◆ Exercise ◆
Look through the lines of the material and count those containing "from". Give that count alone.

◆ Dataset extract ◆
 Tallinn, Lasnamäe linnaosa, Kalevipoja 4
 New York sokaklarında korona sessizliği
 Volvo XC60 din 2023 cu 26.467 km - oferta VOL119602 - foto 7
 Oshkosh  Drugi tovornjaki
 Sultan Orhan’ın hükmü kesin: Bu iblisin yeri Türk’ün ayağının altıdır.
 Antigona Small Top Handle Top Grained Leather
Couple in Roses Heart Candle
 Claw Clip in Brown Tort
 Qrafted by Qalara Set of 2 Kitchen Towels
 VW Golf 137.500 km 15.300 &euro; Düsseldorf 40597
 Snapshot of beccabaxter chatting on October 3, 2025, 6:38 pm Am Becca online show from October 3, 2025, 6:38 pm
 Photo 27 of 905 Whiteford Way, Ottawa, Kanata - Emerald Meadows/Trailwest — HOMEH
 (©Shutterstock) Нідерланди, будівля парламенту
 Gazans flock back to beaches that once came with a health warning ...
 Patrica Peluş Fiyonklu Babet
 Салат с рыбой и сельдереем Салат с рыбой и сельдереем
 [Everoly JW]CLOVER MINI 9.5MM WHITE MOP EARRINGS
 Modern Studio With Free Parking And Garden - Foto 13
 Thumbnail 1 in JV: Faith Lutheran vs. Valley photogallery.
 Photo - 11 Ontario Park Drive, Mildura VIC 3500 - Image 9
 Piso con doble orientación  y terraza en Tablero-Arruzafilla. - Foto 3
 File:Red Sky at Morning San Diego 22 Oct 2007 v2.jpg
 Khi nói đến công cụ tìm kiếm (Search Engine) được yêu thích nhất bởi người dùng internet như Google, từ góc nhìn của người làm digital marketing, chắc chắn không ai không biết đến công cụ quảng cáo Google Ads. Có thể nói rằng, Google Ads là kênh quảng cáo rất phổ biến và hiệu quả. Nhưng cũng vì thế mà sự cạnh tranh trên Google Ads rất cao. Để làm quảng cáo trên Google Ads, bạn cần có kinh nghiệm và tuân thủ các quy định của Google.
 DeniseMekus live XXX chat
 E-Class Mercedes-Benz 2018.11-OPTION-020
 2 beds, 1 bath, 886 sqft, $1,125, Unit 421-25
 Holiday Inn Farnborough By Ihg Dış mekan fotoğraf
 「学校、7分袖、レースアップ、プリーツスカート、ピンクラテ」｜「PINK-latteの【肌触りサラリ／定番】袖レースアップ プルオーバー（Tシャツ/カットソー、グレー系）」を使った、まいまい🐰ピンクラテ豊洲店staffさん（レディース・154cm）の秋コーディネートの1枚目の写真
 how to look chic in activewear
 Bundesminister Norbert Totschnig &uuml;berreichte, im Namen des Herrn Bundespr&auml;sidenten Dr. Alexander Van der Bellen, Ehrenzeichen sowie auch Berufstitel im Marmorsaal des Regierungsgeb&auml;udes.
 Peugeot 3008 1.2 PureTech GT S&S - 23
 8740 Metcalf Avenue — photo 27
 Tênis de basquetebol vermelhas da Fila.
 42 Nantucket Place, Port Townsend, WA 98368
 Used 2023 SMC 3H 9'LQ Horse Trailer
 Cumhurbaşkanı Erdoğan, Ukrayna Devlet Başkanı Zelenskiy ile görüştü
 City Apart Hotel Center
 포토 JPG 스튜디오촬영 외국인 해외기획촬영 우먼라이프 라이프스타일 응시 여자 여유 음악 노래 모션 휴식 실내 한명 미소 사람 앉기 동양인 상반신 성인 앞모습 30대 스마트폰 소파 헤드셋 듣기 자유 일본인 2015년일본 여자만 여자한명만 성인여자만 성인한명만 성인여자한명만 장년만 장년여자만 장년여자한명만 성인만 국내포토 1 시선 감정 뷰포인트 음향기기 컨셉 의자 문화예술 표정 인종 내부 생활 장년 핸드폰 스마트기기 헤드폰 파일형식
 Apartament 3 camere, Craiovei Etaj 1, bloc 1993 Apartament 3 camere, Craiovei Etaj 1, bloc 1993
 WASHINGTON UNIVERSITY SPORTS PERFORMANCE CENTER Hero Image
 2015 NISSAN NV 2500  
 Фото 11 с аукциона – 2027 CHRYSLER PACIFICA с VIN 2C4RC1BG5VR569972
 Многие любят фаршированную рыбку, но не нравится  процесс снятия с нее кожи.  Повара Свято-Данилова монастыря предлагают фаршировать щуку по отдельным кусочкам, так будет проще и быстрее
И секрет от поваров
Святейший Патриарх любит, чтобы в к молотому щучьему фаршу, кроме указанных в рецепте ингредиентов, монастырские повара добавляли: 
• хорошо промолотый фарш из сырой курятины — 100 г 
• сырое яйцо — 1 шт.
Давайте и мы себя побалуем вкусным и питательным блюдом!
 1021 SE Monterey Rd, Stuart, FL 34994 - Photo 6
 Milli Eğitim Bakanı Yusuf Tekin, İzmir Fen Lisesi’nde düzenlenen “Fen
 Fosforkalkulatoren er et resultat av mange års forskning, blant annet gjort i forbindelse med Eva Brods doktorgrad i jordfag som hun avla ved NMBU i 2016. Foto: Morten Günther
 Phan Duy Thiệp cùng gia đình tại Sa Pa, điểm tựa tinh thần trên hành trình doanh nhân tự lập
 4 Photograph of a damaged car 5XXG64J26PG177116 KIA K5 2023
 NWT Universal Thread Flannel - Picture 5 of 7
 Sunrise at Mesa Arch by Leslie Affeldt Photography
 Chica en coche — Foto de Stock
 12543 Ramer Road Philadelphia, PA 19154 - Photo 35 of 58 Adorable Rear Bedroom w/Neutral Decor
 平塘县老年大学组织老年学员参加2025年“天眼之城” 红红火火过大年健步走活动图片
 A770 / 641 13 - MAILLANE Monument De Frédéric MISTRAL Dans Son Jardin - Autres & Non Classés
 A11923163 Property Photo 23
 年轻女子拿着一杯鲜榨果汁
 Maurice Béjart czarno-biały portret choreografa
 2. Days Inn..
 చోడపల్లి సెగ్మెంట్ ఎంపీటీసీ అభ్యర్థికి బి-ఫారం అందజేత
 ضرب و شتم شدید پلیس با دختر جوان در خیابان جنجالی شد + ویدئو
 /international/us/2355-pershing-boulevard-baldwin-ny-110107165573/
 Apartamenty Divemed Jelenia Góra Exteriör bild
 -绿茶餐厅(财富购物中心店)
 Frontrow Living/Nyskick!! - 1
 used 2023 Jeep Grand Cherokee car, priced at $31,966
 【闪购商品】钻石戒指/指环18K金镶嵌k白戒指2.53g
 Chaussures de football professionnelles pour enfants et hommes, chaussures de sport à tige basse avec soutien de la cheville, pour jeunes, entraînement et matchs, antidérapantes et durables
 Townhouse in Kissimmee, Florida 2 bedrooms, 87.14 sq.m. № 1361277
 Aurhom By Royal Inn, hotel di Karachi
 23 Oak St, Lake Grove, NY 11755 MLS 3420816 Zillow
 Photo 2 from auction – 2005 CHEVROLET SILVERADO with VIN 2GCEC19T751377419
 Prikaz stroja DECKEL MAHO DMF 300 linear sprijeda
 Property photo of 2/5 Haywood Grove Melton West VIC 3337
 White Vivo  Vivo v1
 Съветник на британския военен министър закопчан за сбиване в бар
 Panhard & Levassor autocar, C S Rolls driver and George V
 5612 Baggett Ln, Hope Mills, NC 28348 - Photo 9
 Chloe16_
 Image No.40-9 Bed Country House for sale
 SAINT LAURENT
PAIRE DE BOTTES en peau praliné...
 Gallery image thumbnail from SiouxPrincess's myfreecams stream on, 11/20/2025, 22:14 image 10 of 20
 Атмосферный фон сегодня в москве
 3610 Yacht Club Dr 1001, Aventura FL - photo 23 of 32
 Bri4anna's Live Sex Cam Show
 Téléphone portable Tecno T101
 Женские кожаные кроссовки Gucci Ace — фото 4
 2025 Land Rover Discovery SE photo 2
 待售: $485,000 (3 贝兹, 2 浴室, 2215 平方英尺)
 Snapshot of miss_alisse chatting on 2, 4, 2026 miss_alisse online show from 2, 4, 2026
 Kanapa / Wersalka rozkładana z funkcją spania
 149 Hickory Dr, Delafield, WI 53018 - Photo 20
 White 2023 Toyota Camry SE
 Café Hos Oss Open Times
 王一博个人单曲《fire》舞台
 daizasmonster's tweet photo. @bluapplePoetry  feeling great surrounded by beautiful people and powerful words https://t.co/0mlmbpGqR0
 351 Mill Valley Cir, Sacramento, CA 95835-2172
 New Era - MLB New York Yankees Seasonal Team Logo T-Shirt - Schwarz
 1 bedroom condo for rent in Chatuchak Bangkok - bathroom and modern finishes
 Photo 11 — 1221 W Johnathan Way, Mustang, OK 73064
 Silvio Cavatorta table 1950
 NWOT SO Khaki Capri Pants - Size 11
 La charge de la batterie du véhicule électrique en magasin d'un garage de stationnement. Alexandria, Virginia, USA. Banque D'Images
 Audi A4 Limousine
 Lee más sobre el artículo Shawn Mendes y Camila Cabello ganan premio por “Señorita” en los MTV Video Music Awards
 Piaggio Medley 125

◆ Exercise result ◆
4